Does replication matter? The case for conceptual replication and strong inference

Recent findings from a massive collaborative project (OSF, 2015), attempting to replicate many of the findings published in top psychology journals, have suggested that roughly half of these fail to replicate. These findings deservedly made headlines, and have generated a great deal of reaction amongst psychologists. While some have argued that the estimated rate of non-replicability may have been overestimated (Gilbert, King, Pettigrew, & Wilson, 2016), in water cooler conversations a far more skeptical viewpoint about the usefulness of studying replicability at all has begun to emerge.

To summarize, the skeptics hold that we shouldn’t care so much about whether any individual study replicates; what we should instead care about are whether the theories they were meant to investigate are true. Non-replications don’t tell us much if anything about the theories we ultimately care about.
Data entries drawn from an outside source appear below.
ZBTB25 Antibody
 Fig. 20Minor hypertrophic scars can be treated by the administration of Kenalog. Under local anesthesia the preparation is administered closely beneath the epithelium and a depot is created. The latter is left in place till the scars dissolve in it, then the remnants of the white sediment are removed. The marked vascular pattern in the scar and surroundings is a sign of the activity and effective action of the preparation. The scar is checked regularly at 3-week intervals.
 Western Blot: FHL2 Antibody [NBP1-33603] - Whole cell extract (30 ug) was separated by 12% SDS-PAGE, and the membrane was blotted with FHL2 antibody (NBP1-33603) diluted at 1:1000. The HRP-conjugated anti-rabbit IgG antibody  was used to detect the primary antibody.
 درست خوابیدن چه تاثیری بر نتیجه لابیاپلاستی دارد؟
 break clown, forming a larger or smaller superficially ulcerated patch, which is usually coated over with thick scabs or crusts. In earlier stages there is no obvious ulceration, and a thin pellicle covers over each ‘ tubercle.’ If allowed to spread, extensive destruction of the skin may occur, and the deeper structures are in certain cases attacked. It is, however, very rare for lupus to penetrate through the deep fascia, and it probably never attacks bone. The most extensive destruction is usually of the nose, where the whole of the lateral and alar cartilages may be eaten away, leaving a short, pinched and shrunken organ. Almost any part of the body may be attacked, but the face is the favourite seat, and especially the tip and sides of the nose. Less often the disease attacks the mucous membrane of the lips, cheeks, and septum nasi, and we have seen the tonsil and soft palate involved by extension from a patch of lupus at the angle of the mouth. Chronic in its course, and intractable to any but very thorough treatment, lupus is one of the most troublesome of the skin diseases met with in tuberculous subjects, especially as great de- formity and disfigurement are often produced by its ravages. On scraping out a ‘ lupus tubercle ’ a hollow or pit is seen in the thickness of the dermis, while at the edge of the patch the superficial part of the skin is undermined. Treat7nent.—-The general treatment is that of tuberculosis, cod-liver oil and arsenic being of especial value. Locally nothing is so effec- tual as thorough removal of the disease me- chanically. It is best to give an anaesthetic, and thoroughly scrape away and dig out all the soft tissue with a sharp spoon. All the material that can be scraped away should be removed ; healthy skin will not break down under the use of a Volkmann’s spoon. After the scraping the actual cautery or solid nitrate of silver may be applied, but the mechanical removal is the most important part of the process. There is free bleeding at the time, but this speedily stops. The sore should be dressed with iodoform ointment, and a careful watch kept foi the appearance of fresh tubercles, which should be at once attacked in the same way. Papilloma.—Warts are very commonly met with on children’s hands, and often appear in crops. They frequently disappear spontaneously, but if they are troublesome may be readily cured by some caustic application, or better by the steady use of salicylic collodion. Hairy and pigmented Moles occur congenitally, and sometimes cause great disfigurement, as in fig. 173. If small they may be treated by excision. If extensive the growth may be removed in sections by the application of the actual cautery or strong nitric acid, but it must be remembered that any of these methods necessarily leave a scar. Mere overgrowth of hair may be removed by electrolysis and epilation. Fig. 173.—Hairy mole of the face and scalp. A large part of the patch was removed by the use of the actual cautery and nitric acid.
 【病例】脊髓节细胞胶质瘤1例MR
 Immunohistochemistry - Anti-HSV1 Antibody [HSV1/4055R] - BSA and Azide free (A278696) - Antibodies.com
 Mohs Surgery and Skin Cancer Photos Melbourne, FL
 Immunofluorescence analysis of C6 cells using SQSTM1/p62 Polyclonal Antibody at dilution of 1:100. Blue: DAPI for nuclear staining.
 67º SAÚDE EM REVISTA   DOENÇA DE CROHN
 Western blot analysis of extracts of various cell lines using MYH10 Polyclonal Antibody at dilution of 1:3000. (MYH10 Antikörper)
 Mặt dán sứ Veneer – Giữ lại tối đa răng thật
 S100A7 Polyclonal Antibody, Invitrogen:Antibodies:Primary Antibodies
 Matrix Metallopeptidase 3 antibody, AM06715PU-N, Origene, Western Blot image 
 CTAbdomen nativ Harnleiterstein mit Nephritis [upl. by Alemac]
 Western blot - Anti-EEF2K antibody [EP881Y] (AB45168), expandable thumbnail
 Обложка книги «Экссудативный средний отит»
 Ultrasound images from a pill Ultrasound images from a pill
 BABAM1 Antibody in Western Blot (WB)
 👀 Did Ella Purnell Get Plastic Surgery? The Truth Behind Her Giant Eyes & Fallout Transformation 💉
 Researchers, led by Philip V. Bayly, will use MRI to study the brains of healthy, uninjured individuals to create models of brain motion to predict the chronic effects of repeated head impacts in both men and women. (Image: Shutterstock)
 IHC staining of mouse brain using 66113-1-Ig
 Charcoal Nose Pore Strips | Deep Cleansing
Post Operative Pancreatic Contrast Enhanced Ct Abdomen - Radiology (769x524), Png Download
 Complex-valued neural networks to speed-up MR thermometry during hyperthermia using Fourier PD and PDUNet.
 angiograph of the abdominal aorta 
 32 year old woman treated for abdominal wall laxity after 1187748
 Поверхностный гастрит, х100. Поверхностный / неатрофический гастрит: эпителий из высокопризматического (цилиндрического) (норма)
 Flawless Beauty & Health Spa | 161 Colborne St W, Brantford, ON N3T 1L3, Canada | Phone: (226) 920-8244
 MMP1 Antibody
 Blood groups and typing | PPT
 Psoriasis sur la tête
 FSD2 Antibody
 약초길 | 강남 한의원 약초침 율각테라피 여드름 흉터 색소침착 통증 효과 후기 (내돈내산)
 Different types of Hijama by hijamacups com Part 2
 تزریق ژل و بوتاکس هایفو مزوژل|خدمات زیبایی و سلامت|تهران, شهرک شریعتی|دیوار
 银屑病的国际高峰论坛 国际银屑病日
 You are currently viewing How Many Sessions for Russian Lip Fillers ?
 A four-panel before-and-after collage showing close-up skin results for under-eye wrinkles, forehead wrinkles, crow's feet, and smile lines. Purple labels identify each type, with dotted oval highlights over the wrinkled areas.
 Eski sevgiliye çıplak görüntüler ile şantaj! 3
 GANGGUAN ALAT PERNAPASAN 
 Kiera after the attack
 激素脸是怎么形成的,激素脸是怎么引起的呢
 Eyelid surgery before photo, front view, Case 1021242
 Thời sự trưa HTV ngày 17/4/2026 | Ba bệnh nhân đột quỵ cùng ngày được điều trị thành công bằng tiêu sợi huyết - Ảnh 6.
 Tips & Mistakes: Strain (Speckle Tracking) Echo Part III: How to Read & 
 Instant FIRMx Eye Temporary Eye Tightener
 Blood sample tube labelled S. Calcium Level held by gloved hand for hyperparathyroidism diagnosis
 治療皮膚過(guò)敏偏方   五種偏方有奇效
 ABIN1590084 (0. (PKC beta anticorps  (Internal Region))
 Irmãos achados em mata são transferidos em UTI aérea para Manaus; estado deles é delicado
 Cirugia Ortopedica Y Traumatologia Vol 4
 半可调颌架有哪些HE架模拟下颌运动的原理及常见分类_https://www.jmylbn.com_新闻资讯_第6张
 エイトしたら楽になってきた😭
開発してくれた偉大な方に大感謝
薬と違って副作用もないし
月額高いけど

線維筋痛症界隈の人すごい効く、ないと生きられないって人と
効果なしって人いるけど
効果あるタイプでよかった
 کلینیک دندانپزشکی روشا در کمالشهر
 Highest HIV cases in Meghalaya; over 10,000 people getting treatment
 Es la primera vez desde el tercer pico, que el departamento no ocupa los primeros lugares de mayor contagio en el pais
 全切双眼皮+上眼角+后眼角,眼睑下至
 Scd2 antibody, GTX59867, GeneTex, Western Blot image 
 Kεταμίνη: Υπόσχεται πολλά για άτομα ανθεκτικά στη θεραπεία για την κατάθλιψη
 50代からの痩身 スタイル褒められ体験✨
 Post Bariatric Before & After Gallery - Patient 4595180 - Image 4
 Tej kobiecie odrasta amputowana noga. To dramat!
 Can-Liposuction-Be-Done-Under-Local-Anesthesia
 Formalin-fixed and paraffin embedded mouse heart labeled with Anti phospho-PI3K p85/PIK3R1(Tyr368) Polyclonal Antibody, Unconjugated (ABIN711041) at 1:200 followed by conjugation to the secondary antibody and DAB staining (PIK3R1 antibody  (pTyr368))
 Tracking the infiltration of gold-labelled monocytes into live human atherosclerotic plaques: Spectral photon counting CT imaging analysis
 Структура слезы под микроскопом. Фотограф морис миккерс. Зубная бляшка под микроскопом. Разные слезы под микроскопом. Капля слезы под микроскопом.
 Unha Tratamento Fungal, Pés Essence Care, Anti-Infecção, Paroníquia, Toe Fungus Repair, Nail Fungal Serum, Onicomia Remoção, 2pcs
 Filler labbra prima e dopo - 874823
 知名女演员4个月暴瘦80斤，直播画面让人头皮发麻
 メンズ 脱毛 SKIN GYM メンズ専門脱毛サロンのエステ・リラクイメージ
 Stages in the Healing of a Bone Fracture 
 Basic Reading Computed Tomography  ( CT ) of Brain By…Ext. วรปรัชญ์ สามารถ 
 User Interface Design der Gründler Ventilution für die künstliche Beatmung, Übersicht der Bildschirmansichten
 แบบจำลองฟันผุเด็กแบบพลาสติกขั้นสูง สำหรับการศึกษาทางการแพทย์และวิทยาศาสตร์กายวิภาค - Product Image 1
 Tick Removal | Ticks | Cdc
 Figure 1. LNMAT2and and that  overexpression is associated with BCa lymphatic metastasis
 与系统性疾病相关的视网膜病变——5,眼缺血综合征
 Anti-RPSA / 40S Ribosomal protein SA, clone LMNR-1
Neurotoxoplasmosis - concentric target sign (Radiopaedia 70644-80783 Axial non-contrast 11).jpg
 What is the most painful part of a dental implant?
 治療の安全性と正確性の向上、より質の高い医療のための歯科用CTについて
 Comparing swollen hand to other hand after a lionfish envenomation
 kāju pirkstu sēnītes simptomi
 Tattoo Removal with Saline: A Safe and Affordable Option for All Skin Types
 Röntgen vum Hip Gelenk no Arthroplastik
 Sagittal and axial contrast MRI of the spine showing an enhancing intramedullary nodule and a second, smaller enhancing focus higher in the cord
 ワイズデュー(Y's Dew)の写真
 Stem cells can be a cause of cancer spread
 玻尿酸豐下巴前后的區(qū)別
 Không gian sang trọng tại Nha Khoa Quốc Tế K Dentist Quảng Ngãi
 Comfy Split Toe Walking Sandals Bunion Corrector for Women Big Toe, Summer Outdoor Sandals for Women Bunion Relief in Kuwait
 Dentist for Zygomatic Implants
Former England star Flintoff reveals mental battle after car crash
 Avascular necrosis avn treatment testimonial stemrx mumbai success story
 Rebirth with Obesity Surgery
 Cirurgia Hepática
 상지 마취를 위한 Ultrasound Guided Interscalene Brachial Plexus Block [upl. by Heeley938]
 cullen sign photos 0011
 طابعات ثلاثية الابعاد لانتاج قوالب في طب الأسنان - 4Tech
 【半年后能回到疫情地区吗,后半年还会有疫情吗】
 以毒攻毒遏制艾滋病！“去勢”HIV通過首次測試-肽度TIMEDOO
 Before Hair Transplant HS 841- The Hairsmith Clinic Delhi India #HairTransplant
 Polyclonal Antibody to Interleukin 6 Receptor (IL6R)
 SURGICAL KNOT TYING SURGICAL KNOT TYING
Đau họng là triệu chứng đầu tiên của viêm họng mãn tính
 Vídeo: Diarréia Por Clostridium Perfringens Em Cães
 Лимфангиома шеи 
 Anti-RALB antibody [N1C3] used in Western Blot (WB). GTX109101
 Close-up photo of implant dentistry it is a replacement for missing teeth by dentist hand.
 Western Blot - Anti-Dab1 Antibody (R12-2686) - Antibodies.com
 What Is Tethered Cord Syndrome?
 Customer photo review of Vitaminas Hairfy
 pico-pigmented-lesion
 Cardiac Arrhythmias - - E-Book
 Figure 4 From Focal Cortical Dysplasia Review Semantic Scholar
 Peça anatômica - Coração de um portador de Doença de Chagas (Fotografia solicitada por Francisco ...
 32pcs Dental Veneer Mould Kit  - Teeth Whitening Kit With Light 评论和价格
This view goes overboard because at the end of the day, experiments are data points that help paint a theoretical picture. If there are 100 published studies pointing to the existence of automatic priming effects (e.g. reading a cross-word about ageing makes people walk slower), and there is no systematic bias in the published articles, then this is a pretty good reason to believe in automatic priming effects. If however we randomly pick 10 of those to replicate, and 9 fail, this will justifiably undermine our confidence in the underlying theory.

With that being said, the critics of the obsession with replicability also have a point. As scientists, we should care more about theories than about individual findings. There is far too much emphasis on how individual findings might have been produced by various forms of bias or experimental malpractice, and not nearly enough clear thinking about how experimental evidence should be translated into beliefs about how the mind works.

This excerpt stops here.